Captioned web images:

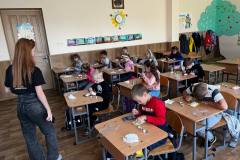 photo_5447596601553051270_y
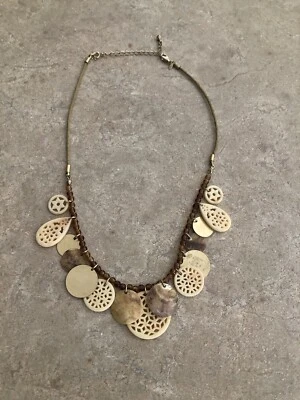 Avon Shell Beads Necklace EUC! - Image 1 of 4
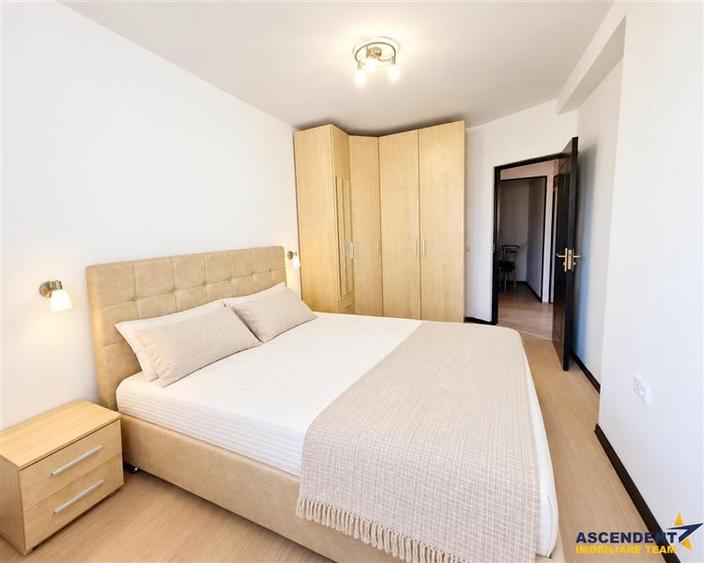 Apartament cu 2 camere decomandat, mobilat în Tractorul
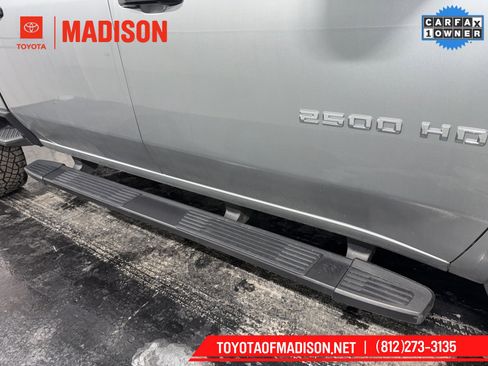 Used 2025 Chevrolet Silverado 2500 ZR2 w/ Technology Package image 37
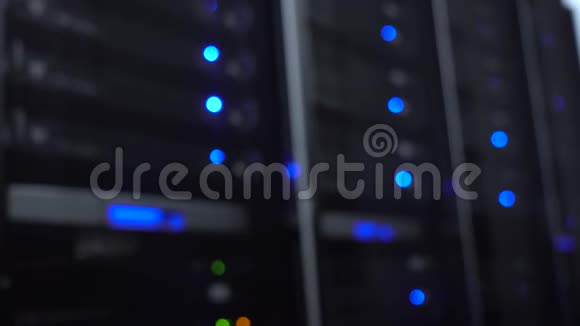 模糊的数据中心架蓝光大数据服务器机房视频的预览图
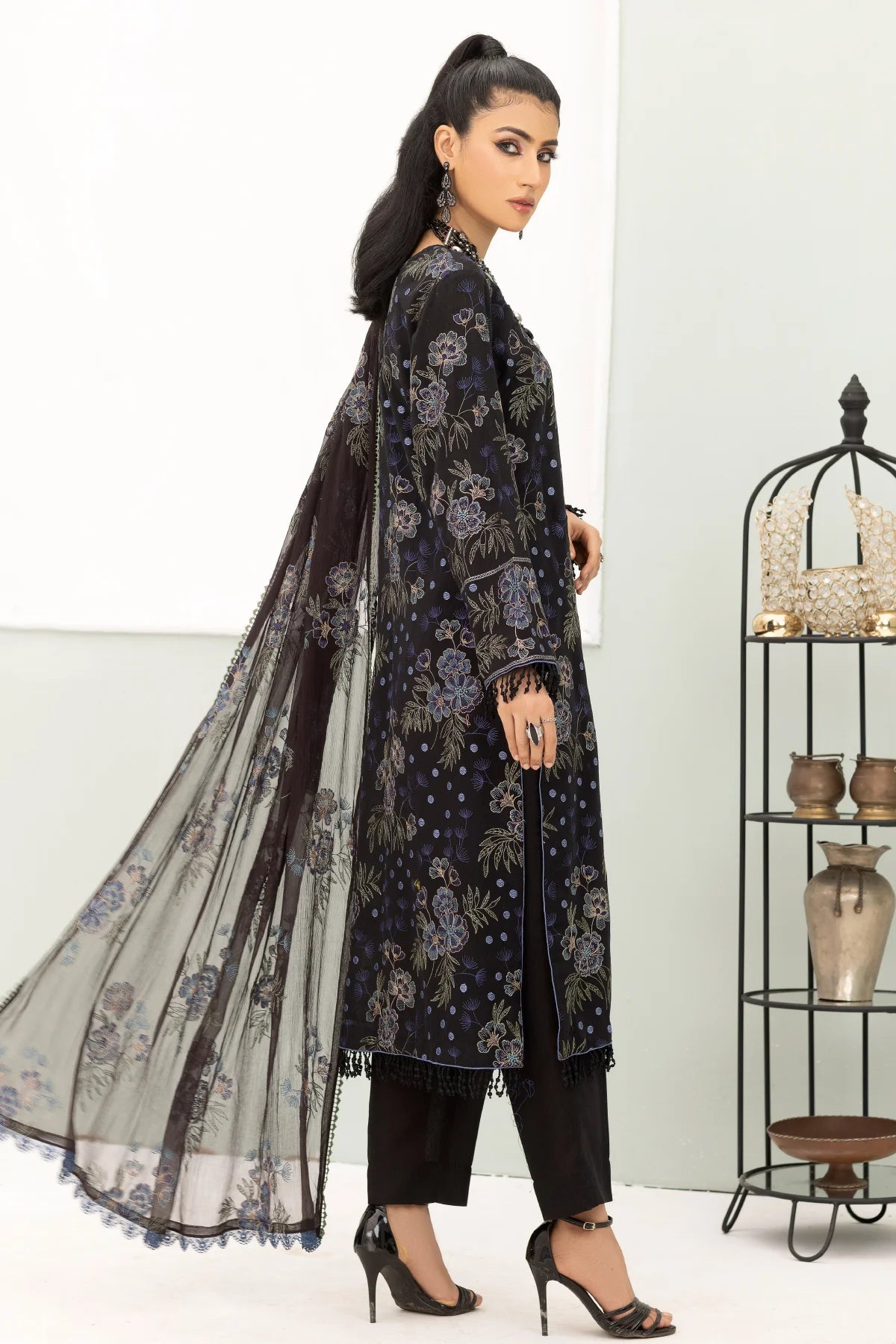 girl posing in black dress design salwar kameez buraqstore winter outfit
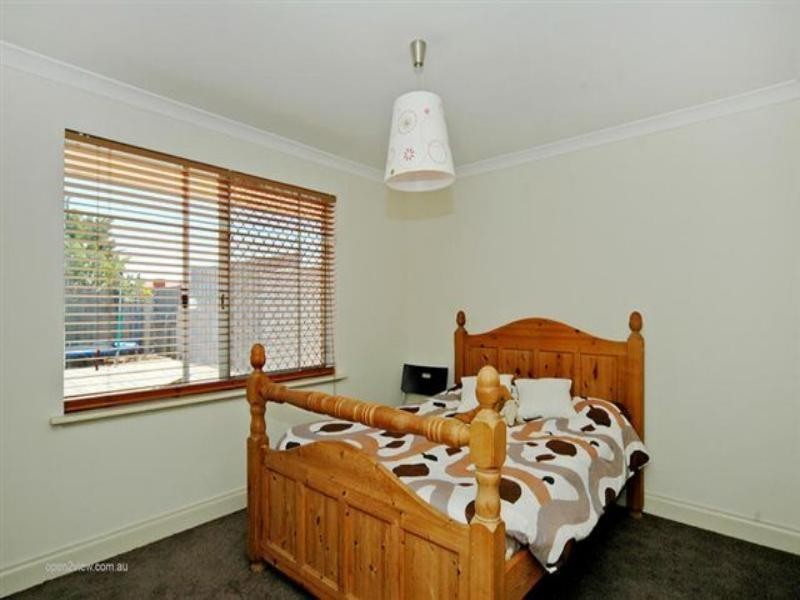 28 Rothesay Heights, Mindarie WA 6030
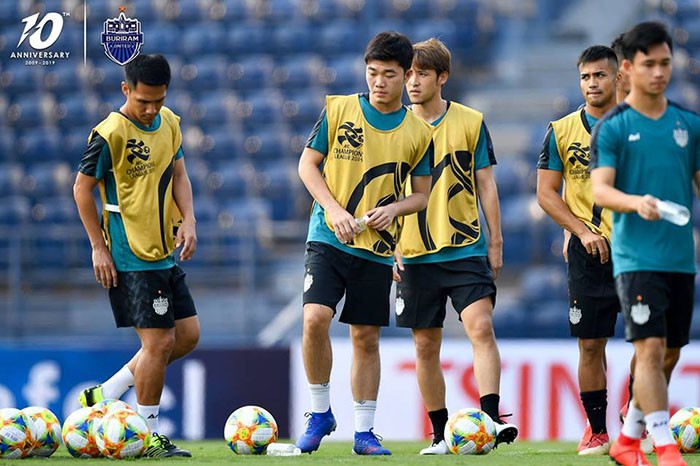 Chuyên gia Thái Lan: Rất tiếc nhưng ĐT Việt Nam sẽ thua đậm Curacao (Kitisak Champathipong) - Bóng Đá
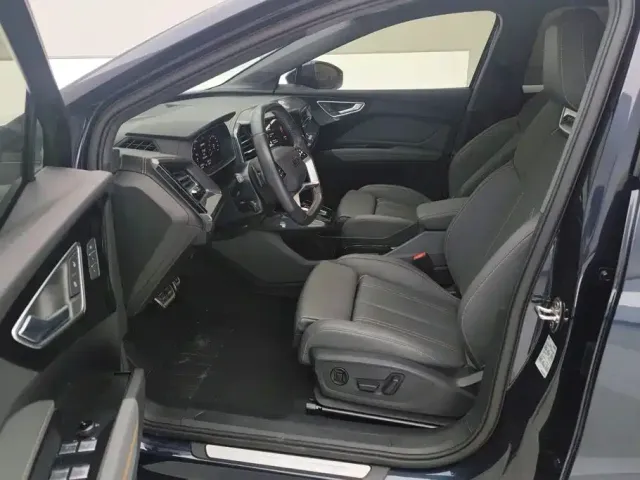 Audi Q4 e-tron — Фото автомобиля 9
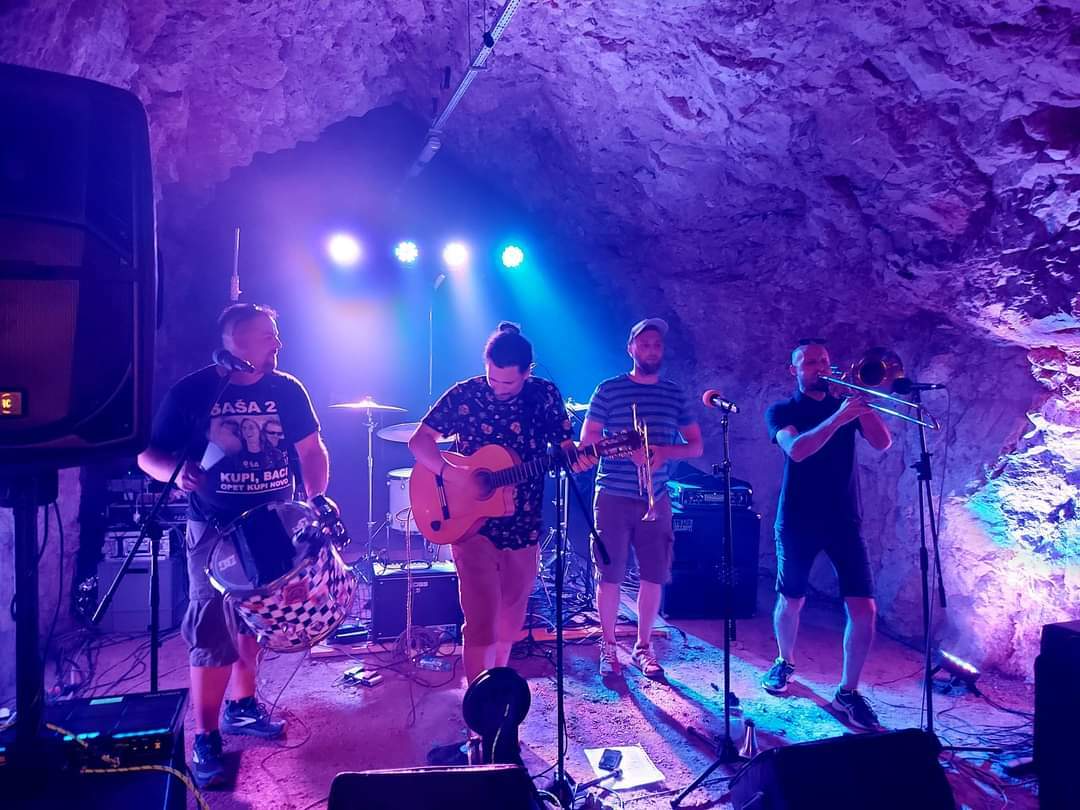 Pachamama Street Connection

About this task — Start with the line that holds "Chuyên gia Thái" and retype each line through the last one in the data, exactly and without pictures.

Response to this exercise —
 Chuyên gia Thái Lan: Rất tiếc nhưng ĐT Việt Nam sẽ thua đậm Curacao (Kitisak Champathipong) - Bóng Đá
 Audi Q4 e-tron — Фото автомобиля 9
 Pachamama Street Connection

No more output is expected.